** DATA SHOWN follows **
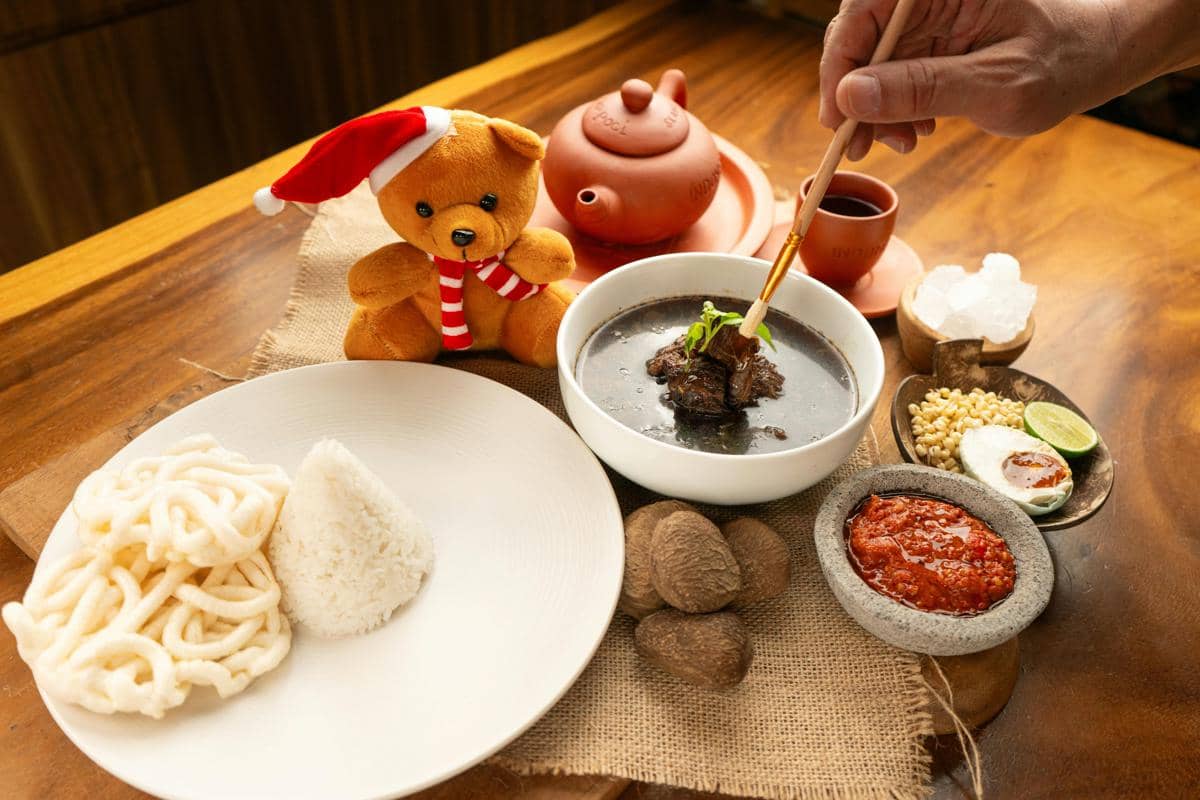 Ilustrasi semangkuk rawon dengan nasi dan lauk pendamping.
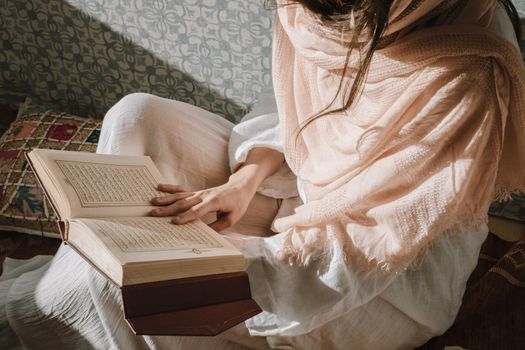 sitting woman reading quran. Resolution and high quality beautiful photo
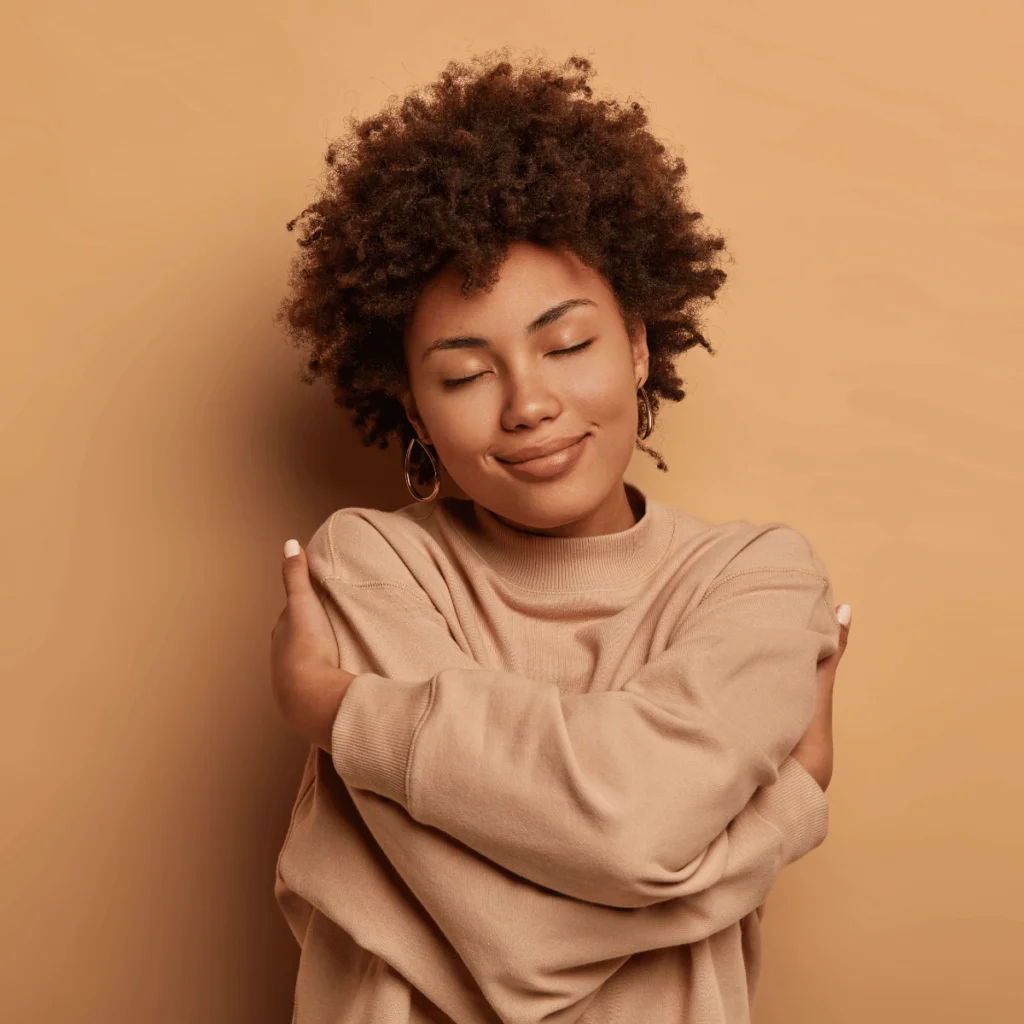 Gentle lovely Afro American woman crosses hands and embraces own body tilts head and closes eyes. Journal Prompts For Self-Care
** End of DATA SHOWN **
### PROMPT
A faithful copy of the data above is wanted, with every image left out.

### RESULT
 Ilustrasi semangkuk rawon dengan nasi dan lauk pendamping.
 sitting woman reading quran. Resolution and high quality beautiful photo
 Gentle lovely Afro American woman crosses hands and embraces own body tilts head and closes eyes. Journal Prompts For Self-Care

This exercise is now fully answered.